== Data to examine ==
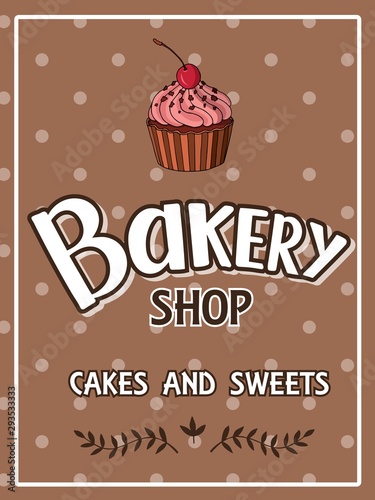 Bakery shop. Hand drawn lettering and illustration. Vector illustration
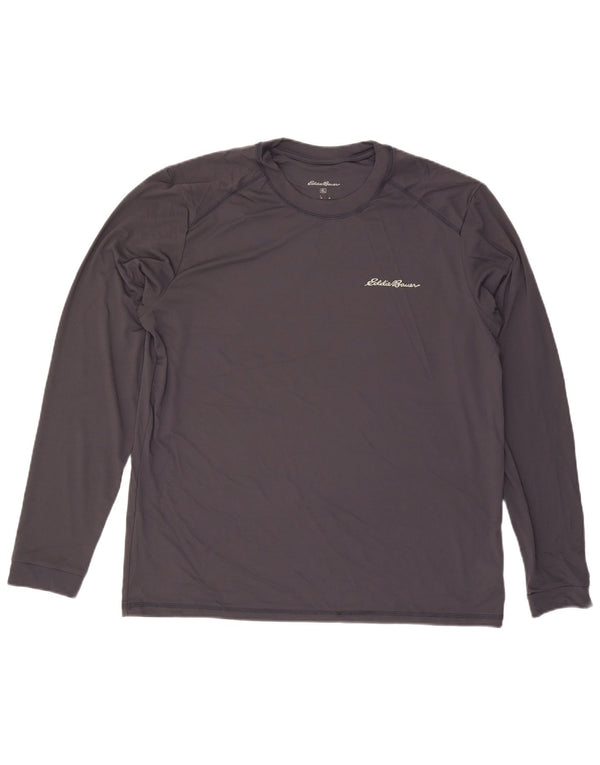 EDDIE BAUER Herre Grafisk Top Langærmet XL Grå Polyester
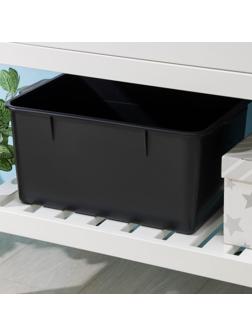 Ёмкость для хранения, 18 л, 42×30×20 см, цвет чёрный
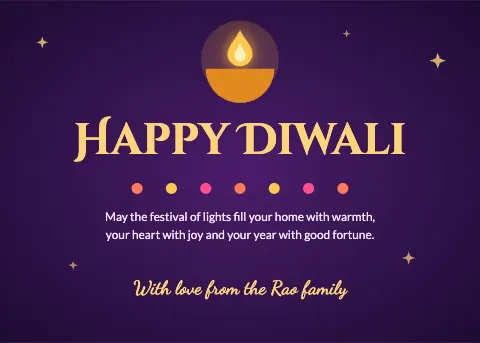 Golden Lamps Diwali Card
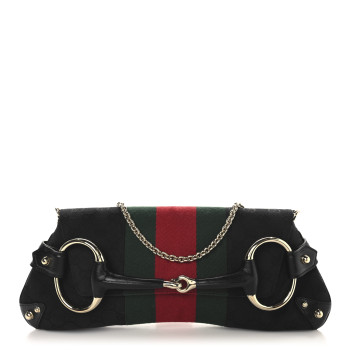GUCCI Monogram Web Horsebit Chain Clutch Black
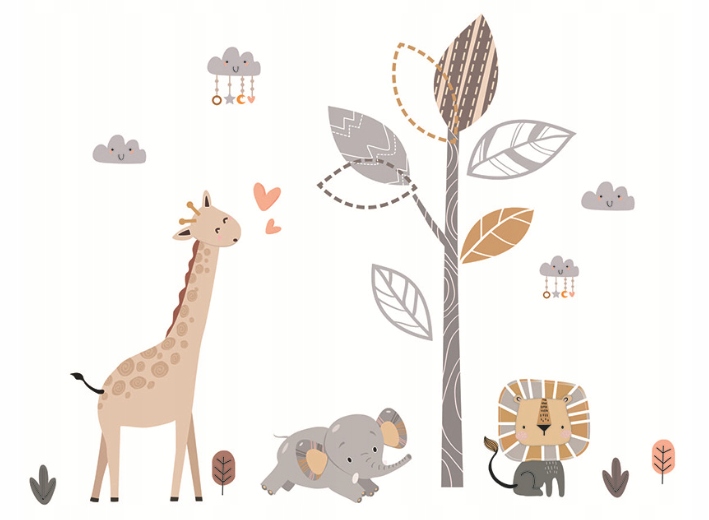 

Naklejki dla dzieci na ścianę zwierzęta chmurki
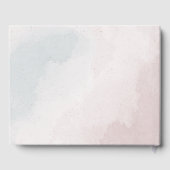 ロマンチックなピンクの青い花結婚の緑 ゲストブック (裏面)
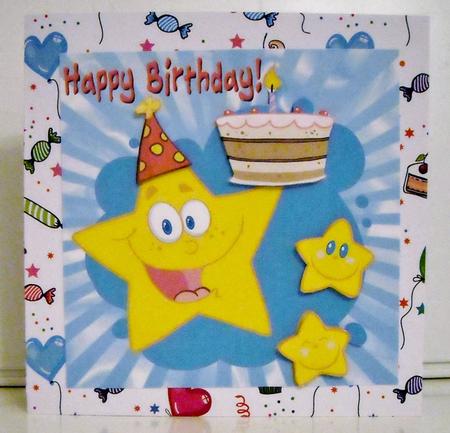 Birthday Cake with Funny Face Stars 8x8 by Pam Stubley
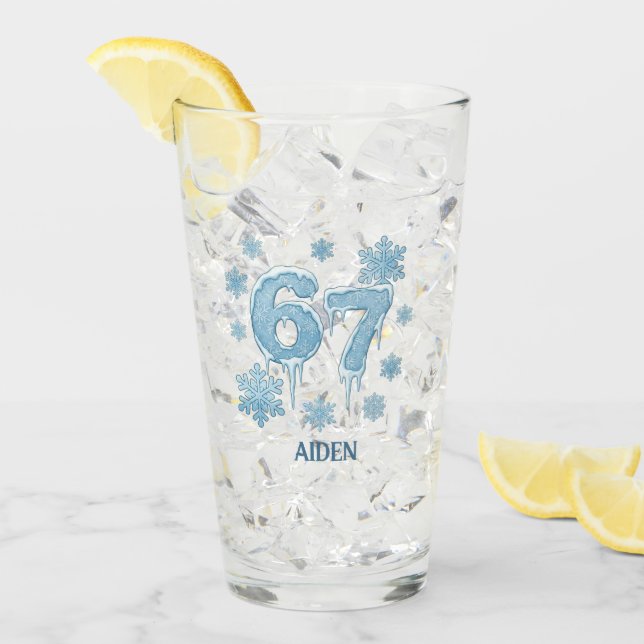 67 Funny 6 7 Six Seven Personalized Christmas Glaskopp (Framsida Ice)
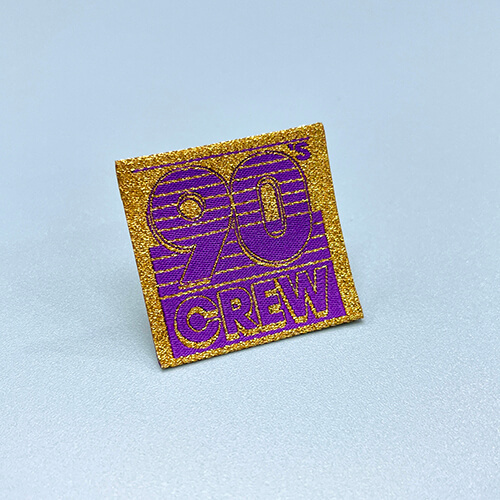 Custom Metalic Yarn Center Fold Hem Label
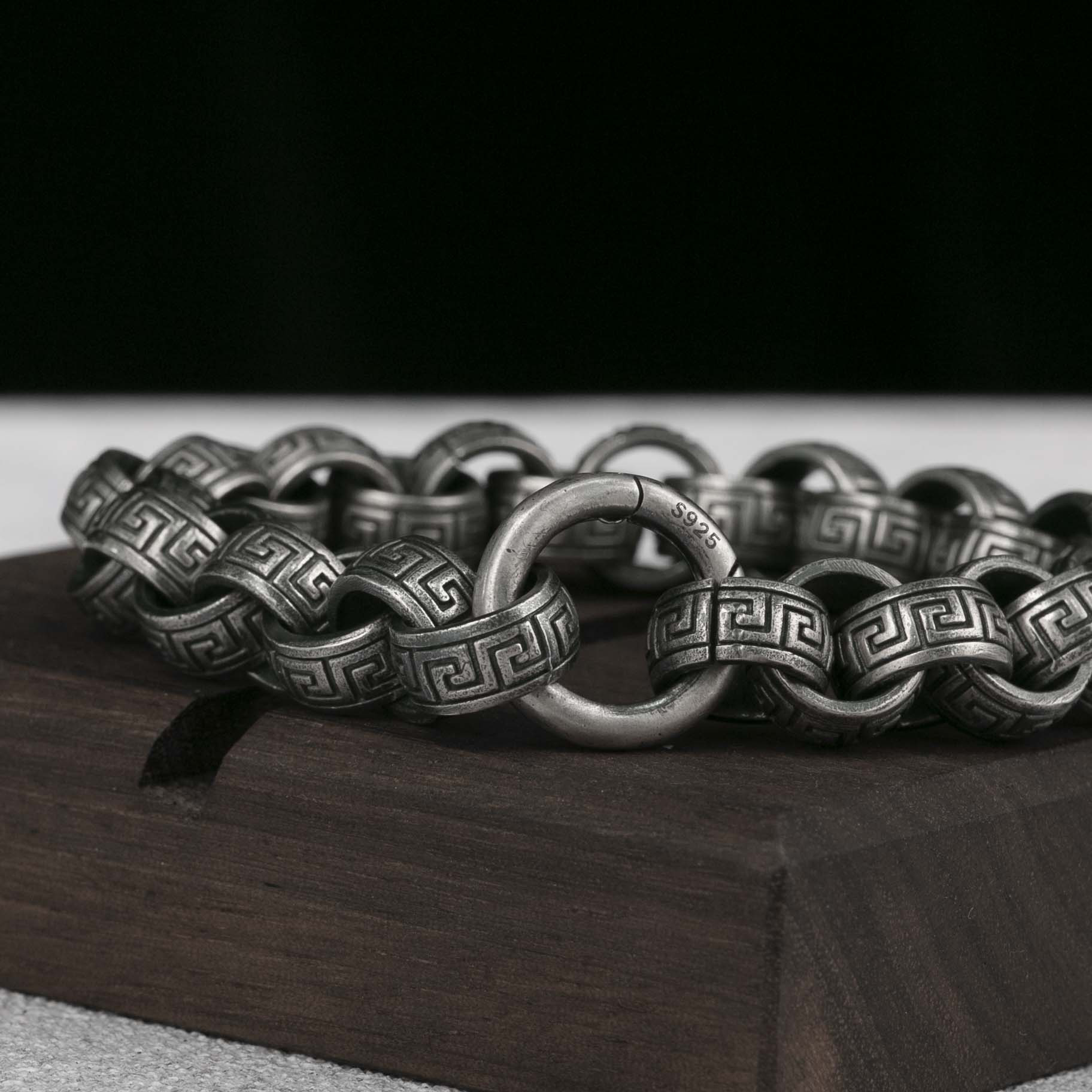 12MM 925 Sterling Silver Rolo Chain Bracelet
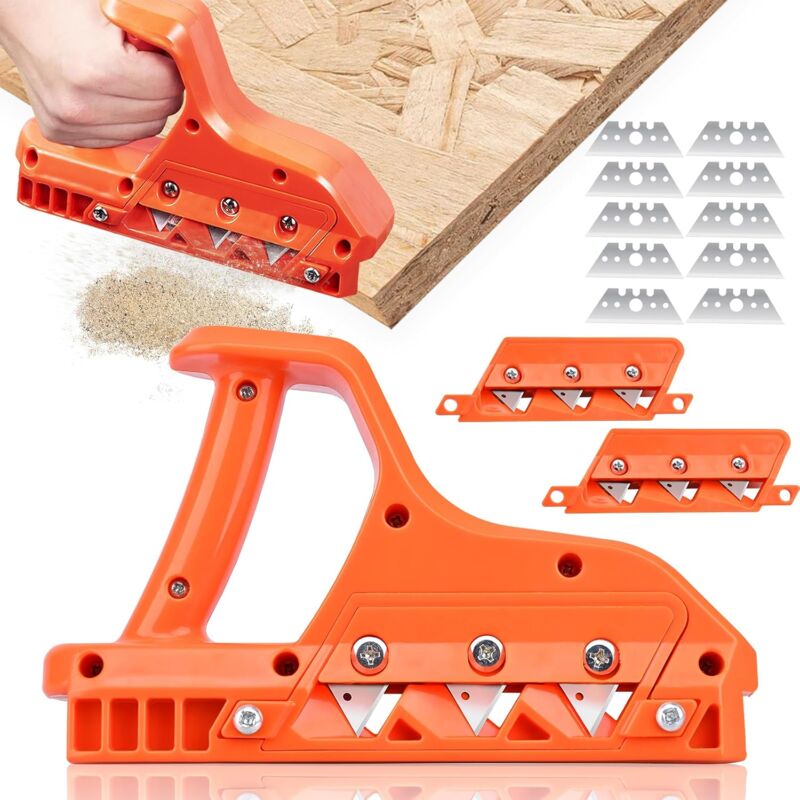 Handhobel Für Gipskartonplatten – 45°- Und 60°-klingen – Sauberer Und Präziser Schnitt – Ergonomisch Und Langlebig – 10 Ersatzklingen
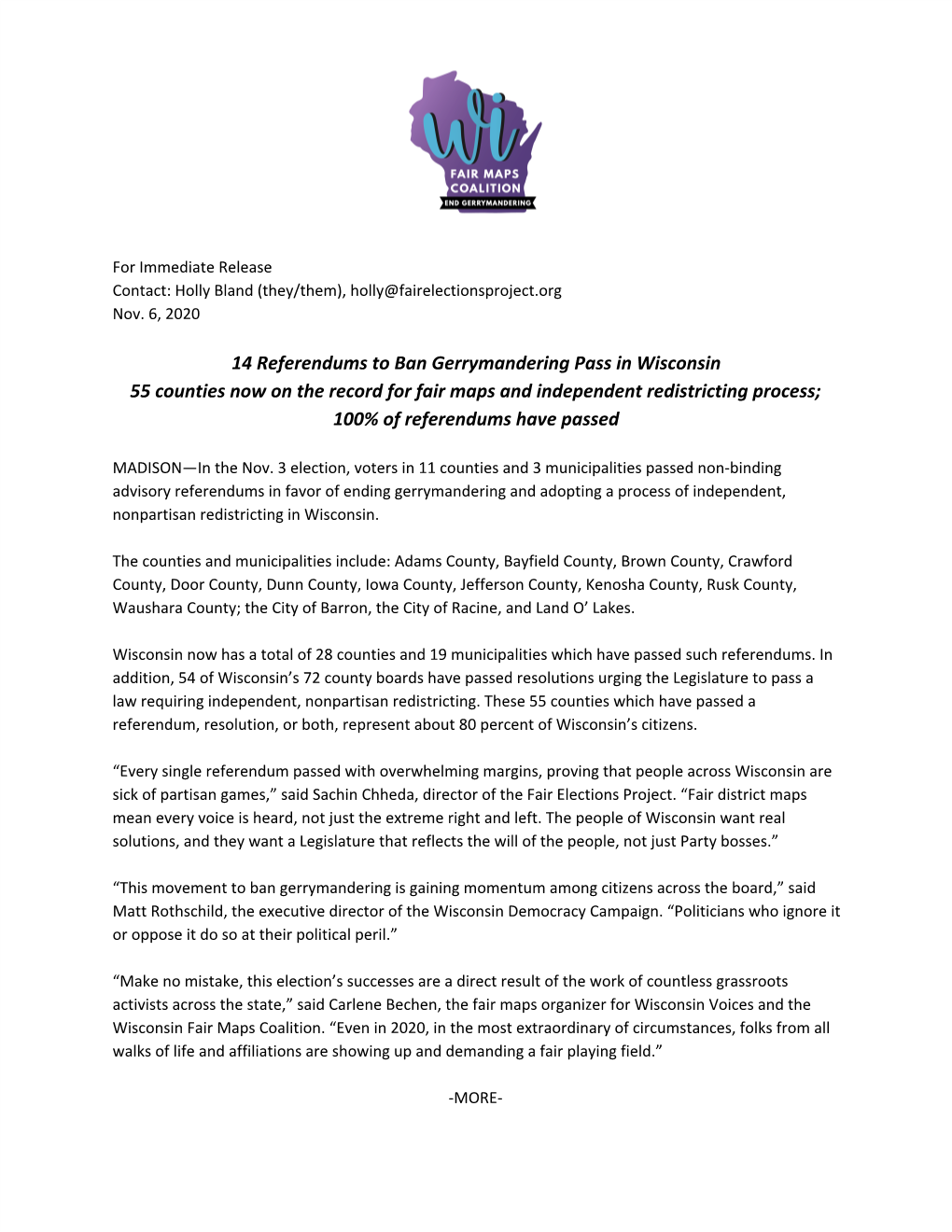 14 Referendums to Ban Gerrymandering Pass in Wisconsin 55 Counties Now on the Record for Fair Maps and Independent Redistricting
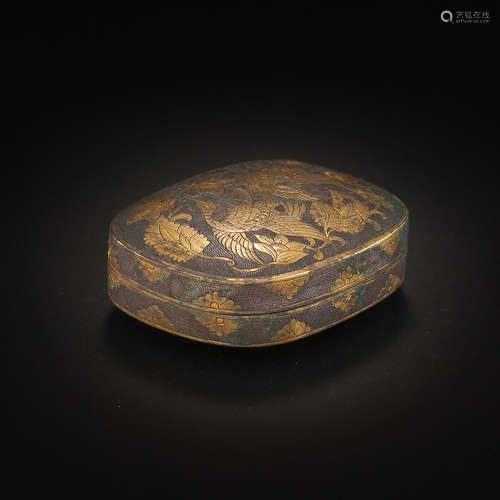 CHINESE STERLING SILVER POWDER BOX WITH PARTIAL GILT FLOWER ...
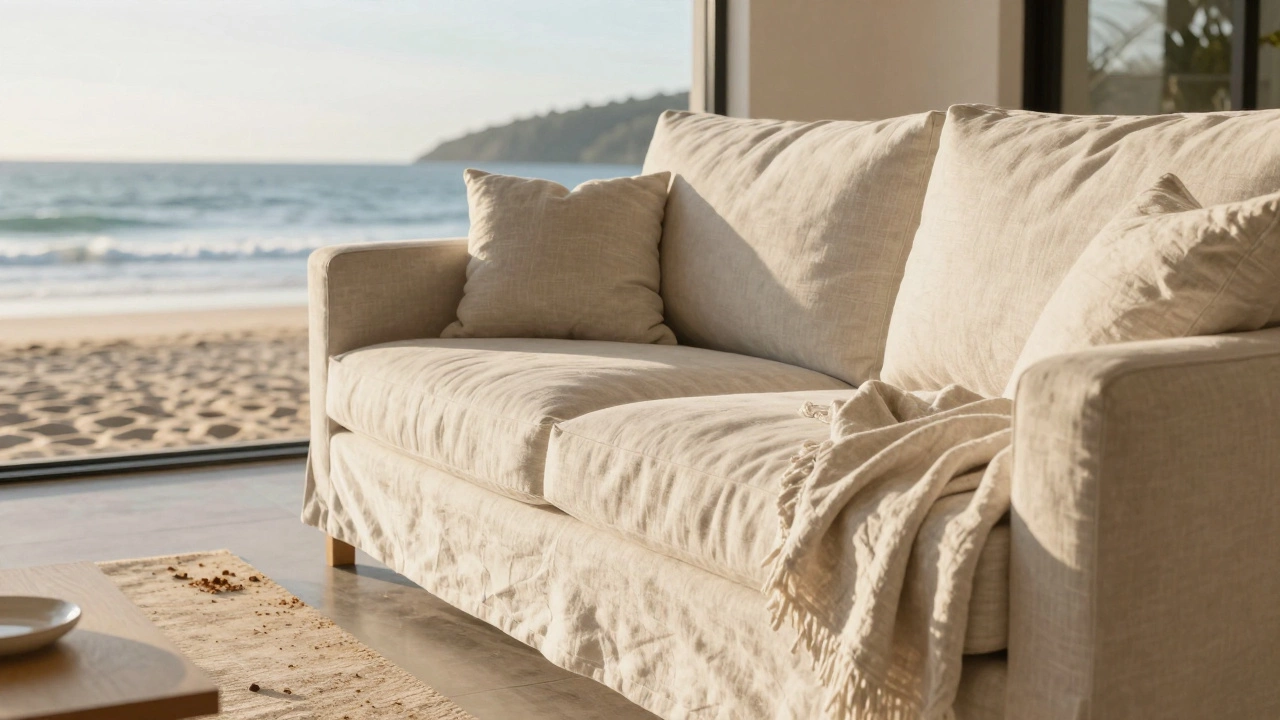 A light oat linen sofa in a Noosa beach home, facing ocean views with sand and a linen throw.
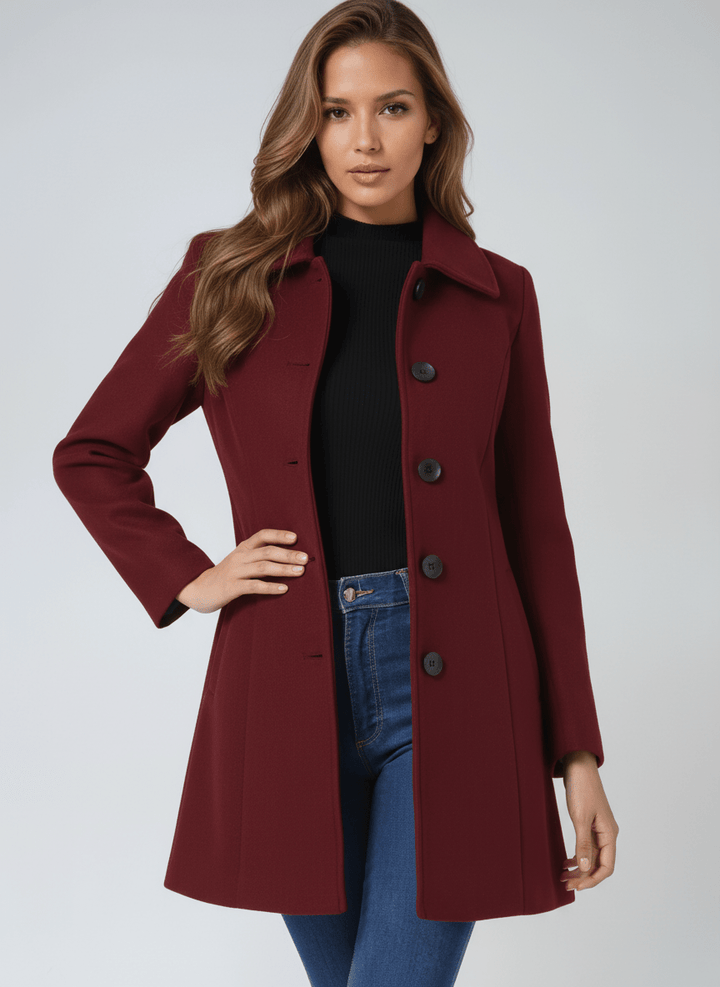 Sylvia | Women's Single Breasted Winter Trench Coat - SUNDRA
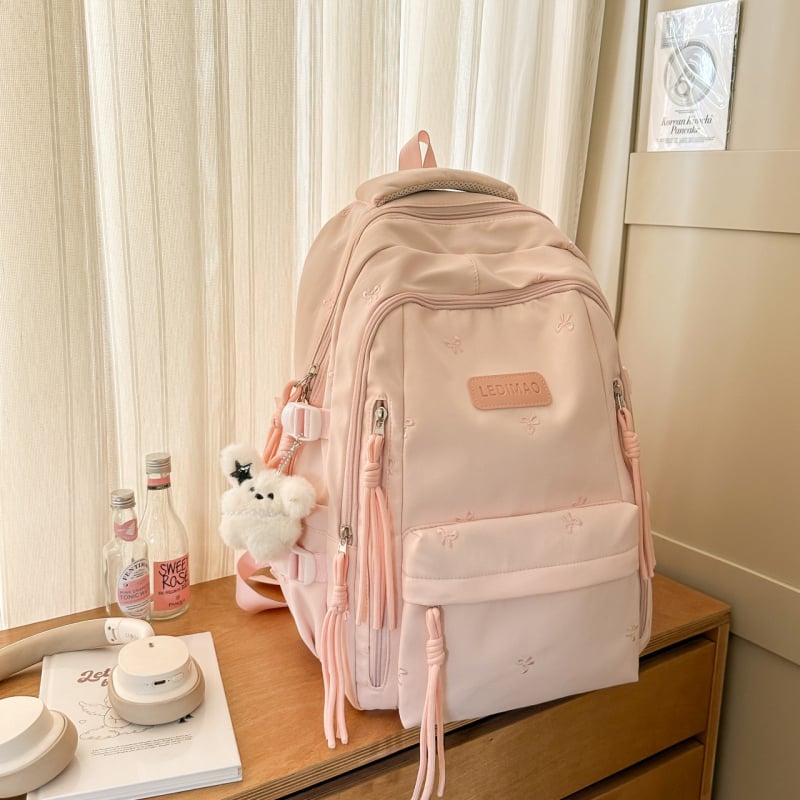 Unisex skolas mugursoma ar burtiem rakstu, ietilpība 36-55 L, der 14 collu klēpjdatoram, materiāls: zīda ziedu audums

== Work instruction ==
Please give again, word for word, the lines from the one containing "CHINESE STERLING SILVER" through the last line of the listing above, inclusive, and leave out pictures.

== Your solution ==
 CHINESE STERLING SILVER POWDER BOX WITH PARTIAL GILT FLOWER ...
 A light oat linen sofa in a Noosa beach home, facing ocean views with sand and a linen throw.
 Sylvia | Women's Single Breasted Winter Trench Coat - SUNDRA
 Unisex skolas mugursoma ar burtiem rakstu, ietilpība 36-55 L, der 14 collu klēpjdatoram, materiāls: zīda ziedu audums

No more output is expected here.